I veneziani compravano Beatles, Mina, Battisti e Celentano
Conosciutissimo e frequentato da tutta la città, dove peraltro, anche nei momenti di maggiore attività, la concorrenza vera era limitata ad altri due, tre negozi.
“Al di là di passioni e competenze – considera il nipote del fondatore – va anche detto che allora, a parte il calcio, la musica era uno dei pochi svaghi che la gente si concedeva. Certo, anche le canzonette, così a Venezia si andava ad ascoltarle dal giradischi dell’amico, in carbona”. E i ragazzi comperavano Beatles, Mina, Battisti, Celentano.
“Alcuni fenomeni arrivarono più avanti, come i Pink Floyd. Poi, fino ai primi anni ’80, funzionava anche il traino di Sanremo, attiravano anche i cantanti ospiti, magari stranieri”.

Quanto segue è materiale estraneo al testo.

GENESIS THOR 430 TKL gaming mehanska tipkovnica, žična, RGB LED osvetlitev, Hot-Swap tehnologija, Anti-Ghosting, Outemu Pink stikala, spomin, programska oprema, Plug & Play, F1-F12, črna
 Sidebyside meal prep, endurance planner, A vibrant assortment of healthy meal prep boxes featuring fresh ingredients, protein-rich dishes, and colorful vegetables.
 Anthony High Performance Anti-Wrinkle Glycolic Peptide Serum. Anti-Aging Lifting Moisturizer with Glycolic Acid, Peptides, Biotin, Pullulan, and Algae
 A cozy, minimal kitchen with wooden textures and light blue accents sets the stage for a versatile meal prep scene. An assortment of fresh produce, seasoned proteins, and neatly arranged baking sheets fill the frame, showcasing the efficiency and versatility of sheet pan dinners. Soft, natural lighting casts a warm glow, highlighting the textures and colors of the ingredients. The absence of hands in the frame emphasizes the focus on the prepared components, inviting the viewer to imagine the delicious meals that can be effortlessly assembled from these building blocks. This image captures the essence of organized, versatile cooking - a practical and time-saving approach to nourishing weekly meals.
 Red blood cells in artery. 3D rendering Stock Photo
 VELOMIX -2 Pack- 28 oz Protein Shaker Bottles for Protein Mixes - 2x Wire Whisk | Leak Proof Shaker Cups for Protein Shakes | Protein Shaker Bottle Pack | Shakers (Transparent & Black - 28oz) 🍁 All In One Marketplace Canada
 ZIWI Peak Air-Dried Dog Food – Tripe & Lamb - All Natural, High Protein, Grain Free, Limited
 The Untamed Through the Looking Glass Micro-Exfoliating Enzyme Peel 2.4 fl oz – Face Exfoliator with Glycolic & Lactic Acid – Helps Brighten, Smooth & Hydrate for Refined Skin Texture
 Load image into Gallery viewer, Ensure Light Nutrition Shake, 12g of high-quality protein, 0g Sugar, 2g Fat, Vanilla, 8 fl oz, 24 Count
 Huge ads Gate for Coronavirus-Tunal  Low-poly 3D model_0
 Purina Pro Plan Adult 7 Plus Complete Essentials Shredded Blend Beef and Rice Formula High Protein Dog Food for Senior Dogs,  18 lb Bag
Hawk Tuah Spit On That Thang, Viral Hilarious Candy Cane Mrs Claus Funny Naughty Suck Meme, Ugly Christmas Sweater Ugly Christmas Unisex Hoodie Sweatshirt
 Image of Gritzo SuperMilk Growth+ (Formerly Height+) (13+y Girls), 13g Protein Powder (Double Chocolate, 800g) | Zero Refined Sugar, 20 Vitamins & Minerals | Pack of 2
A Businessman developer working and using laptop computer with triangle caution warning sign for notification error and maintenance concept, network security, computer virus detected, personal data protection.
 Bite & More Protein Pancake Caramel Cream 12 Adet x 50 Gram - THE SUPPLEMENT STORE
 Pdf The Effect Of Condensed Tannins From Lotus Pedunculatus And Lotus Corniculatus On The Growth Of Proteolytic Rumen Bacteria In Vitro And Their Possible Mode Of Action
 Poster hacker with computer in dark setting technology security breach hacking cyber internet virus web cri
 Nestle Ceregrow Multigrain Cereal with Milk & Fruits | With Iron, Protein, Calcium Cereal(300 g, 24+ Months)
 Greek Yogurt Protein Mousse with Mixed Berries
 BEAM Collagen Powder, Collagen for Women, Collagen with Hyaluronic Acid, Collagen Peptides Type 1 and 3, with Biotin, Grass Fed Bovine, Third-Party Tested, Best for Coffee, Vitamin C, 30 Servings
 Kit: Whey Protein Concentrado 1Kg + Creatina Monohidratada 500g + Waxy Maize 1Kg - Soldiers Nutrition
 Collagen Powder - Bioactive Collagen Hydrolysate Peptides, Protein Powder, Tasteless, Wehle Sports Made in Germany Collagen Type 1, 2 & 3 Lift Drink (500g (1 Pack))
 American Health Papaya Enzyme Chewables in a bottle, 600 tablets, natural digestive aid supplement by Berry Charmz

Oggi la realtà è ben diversa.
La passione di Simone per la musica
“Gli intenditori sono ormai davvero pochi ma sono le vendite online a far crollare il mercato del supporto, disco o cd. La svolta è attorno al Duemila”.
Discorso più generale anche se Venezia soffre forse maggiormente per una richiesta sempre più limitata che non concede nostalgie.
“Quando erano a Venezia, non mancavano mai di venirci a trovare direttori come sir John Gardiner, poi c’era l’assiduità di Bruno Tosi. Talvolta Pino Donaggio, mai invece l’altra venezianissima Patty Pravo. Aspetto ancora Elton John”.
Simone non è diverso da suo padre e suo nonno “Come loro, animato dalla passione che oggi aiuta in momento difficile, anche io mi considero un collezionista con molta musica a casa e anche in auto, rigorosamente in cd”.
Ma sta di nuovo cambiando qualcosa. Simone ne è convinto.
Intanto, le sempre più frequenti mostre-scambio di 33 giri.
“E poi le case discografiche hanno fiutato la moda del vinile che vuol dire anche nuovi giradischi e accessori. Si crea una nuova cultura legata al vintage tecnologico”.
Un risveglio nell’era del digitale? Presto per dirlo.
Al “Tempio” il 70% delle vendite è ancora di classica, il 20% di lirica con il jazz all’ultimo posto con il 10% ma fino alla pandemia Simone Gabbia aveva clienti molto specializzati, americani e inglesi soprattutto: “Musica barocca, Monteverdi, Gabrieli. Vuol dire che la passione resiste,magari sotterranea, non come ai tempi di Bandiera Gialla, delle scoperte di Boncompagni e Arbore,o delle interpretazioni di Del Monaco o della Kabaivanska, ma c’è”.
Dopo più di 80 anni, questo“tempio” nel cuore della città antica ne è ancora un presidio.